NIFTY LOSES OVER 30% FROM THE PEAK

  • With the sharp fall on Wednesday, the Nifty has lost 31.4% from the closing peak of January 14. The only bear crash that was more rapid than this fall was the crash in May 2006 when the markets lost 31% in just 34 days.
  • With the Supreme Court order on telecom companies. Banks are likely to remain under pressure. Banks like IndusInd, Kotak Bank and ICICI Bank have substantial exposure to telecom as do SBI and HDFC Bank. The pressure could continue.
  • FPIs were net sellers to the tune of Rs.5085 crore while DFIs bought Rs.3636 crore on Wednesday. FIIs have relentlessly sold in the last one month and have sold off more than Rs.62,000 crore in equity and debt put together.
  • The carnage in the markets shows no signs of relenting as the Dow again lost over 1000 points and the NASDAQ has also now given up more than 30% from the peak.
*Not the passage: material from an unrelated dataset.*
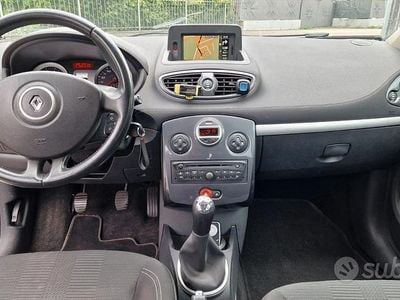 Gebraucht Renault Clio II 103 PS (75 kW) 2011 Schwarz Limousine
Europe is down 5% while the SGX Nifty is also trading 2% lower in early trades.
  • ONGC at Rs.60 does offer a good chance to enter the oil space at low levels. One thing likely to happen now is that the storage demand will start picking up and will continue till storage peaks. That should help ONGC. Target Rs.75 in ONGC.
  • Yesterday we had issued a specific warning about private banks and the telecom order only worsened the situation. Use any bounce to sell out of stocks like ICICI Bank, Axis Bank and IndusInd Bank. It is a sell on rises market for banks.
  • Mannapuram has lost nearly 60% from its peak even as its core model still remains robust. We suggest buying Mannapuram at around Rs.88 for targets of Rs.120. We do expect the gold prices to pick up once again.
  • Indian markets may remain under pressure as the COVID shows signs of gathering momentum in India. Uses any bounces in the market to sell.